WHAT THE TASK ASKS. Restate the data word for word. Leave the pictures out.

Data records
========

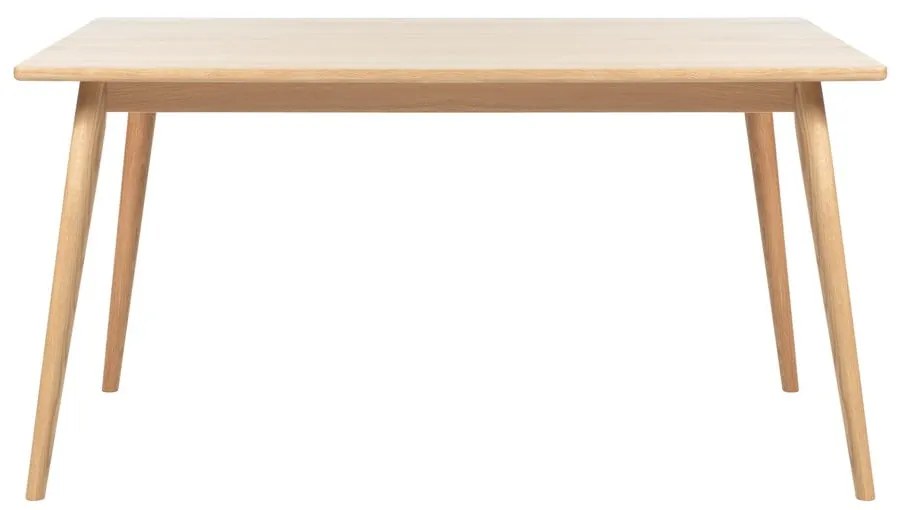 Tavolo da pranzo allungabile con piano effetto rovere colore naturale 150x90 cm Barrali - Unique Furniture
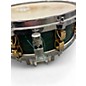 Used 1990s Yamaha 14X4 MIJ Maple Custom Emerald Green Drum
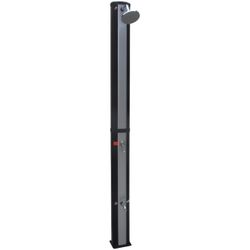 Schwarz Solardusche My Pool Bwt "Exklusiv", B:16cm H:215cm, Chrom, Kunststoff, Outdoorduschen, 215 Cm Höhe, 35 L Tank
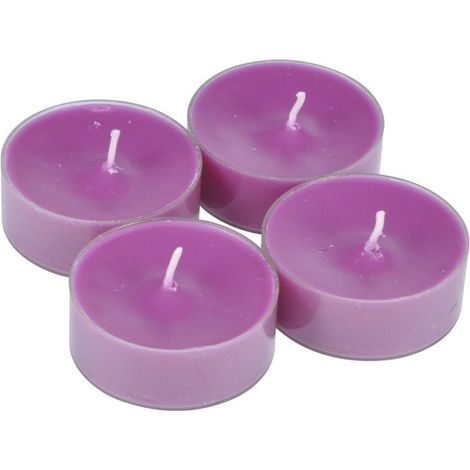 Lot de 4 Bougies Parfumées Chauffe-Plat "Trendie" Figue Gourmande (1/2)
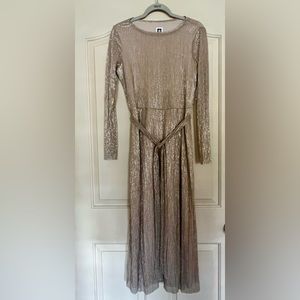 Gold - tanned  dress NWT
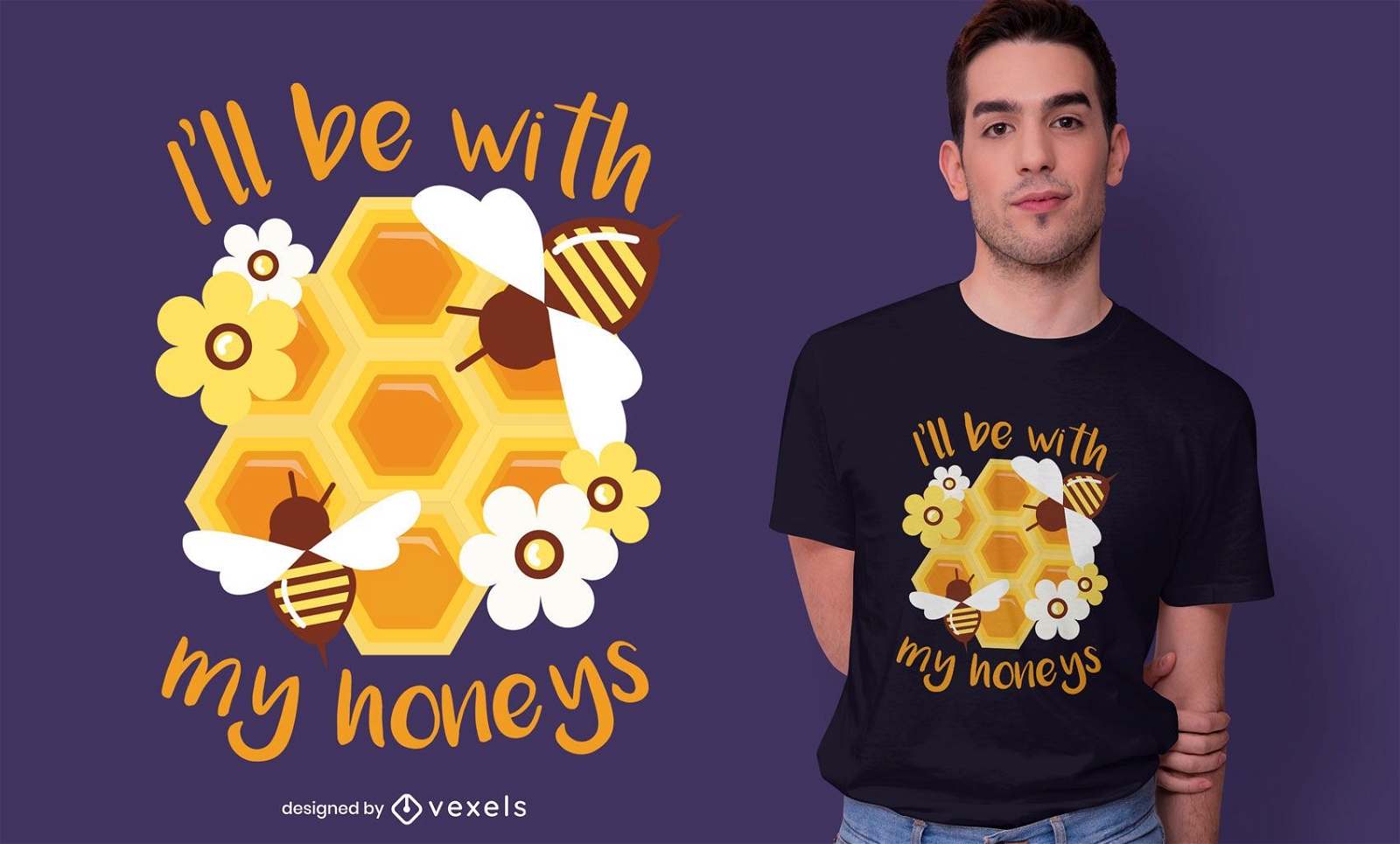 Dise?o de camiseta de cita de apicultura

========

WORKED SOLUTION.
 Tavolo da pranzo allungabile con piano effetto rovere colore naturale 150x90 cm Barrali - Unique Furniture
 Used 1990s Yamaha 14X4 MIJ Maple Custom Emerald Green Drum
 Schwarz Solardusche My Pool Bwt "Exklusiv", B:16cm H:215cm, Chrom, Kunststoff, Outdoorduschen, 215 Cm Höhe, 35 L Tank
 Lot de 4 Bougies Parfumées Chauffe-Plat "Trendie" Figue Gourmande (1/2)
 Gold - tanned  dress NWT
 Dise?o de camiseta de cita de apicultura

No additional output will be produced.